I will bring in Ailsa Raeburn, but I want to stick with Sarah Cowie for a moment. You have made it clear that there are many unknowns, but from a farming and crofting perspective, what would you say are the main risks and opportunities of pursuing private investment in Scotland’s natural capital?

Sarah Cowie

As I have said, farmers are already doing a lot of great things for nature, but there is massive opportunity and potential in their getting paid for those great things—for increasing the use of natural capital, say, or putting in place nature-based solutions—and in private companies, the public and society as a whole recognising that work. The risks, on the other hand, include greenwashing, farmers being taken advantage of and being tied to contracts that they cannot get out of or stipulations changing somewhere down the line and farmers finding themselves stuck in something that they were not aware of at the beginning of the process. We just do not know enough about how such markets will work, and their robustness and integrity need to be ensured before we move forward.

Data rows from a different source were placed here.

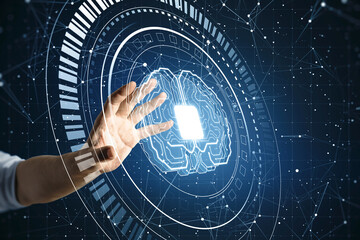 Poster - Cyber technology, artificial intelligence and machine learning concept with man hand touching digital screen with microcircuit with processor in form of human brain on abstract blue background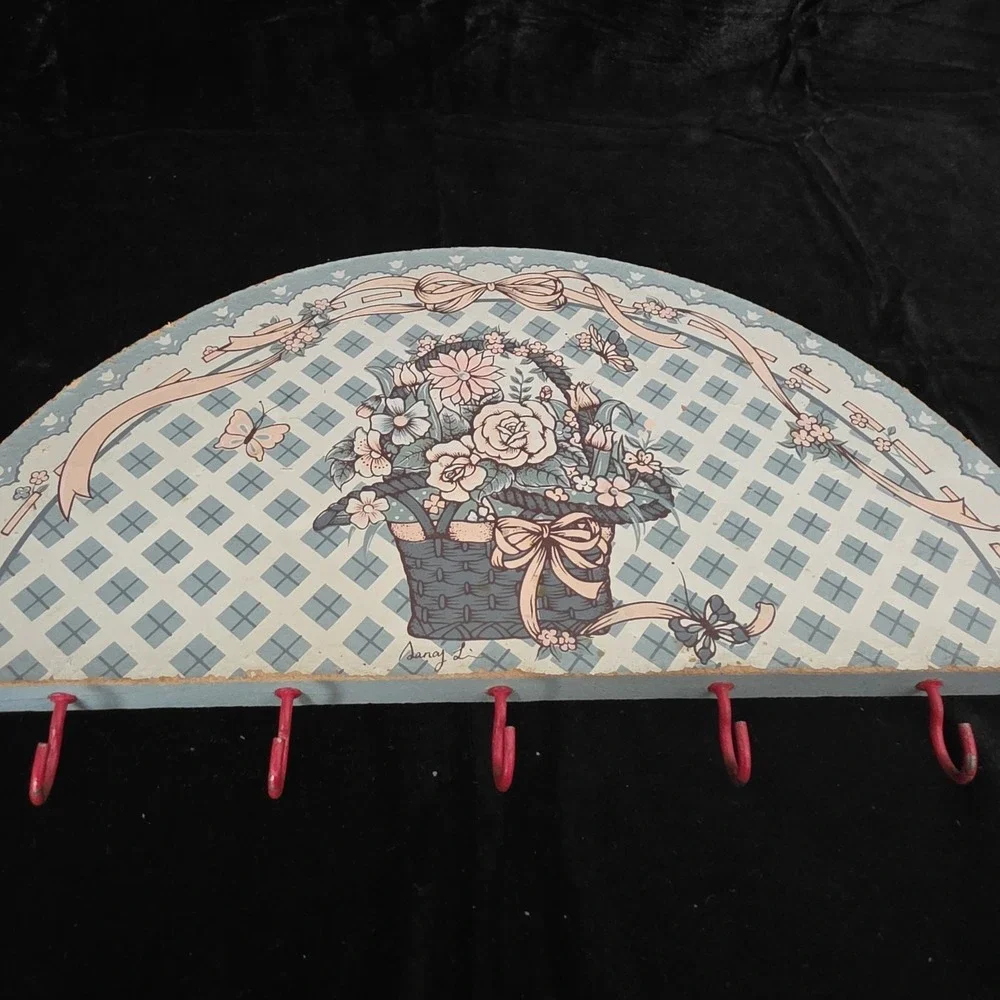 Vintage Country Pink Blue Floral Key Rack Holder Cottagecore Granny Decor‎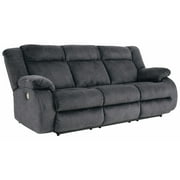 Ashley Furniture Burkner Velvet Power Reclining Sofa in Gray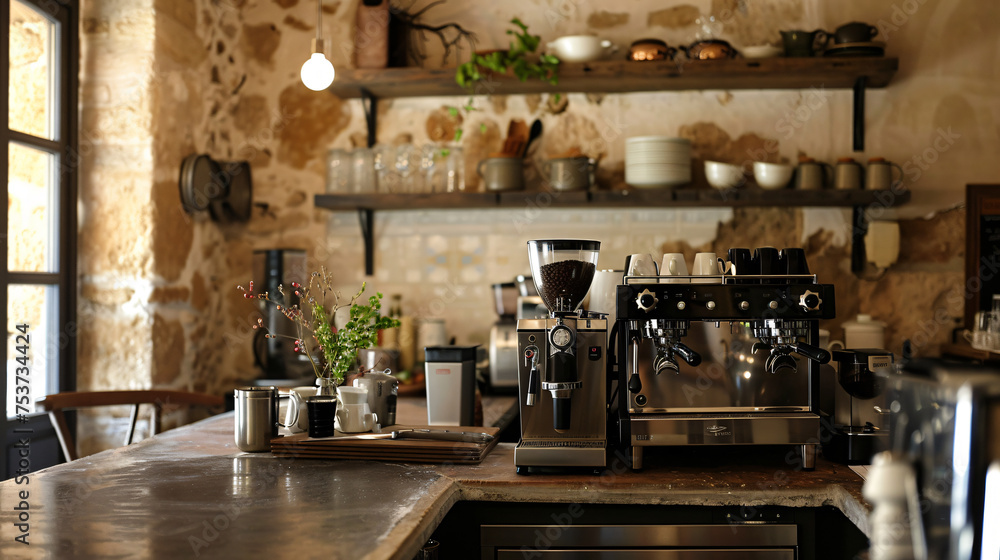 A professional espresso machine on a wooden countertop, with a rustic stone wall and kitchen utensils in the background, evoking a cozy, artisan coffee shop atmosphere. Generative AI A professional espresso machine on a wooden countertop, with a rustic stone wall and kitchen utensils in the background, evoking a cozy, artisan coffee shop atmosphere. Generative AI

As I have mentioned, agricultural reform is coming. However, even though the Agriculture and Rural Communities (Scotland) Bill is making its way through the Parliament, there is still uncertainty in that respect and we still lack some details. People might well be hesitant in committing to those markets before the full detail is realised, and the same goes for the delivery plan, too. We need to know the full details before we can commit to it.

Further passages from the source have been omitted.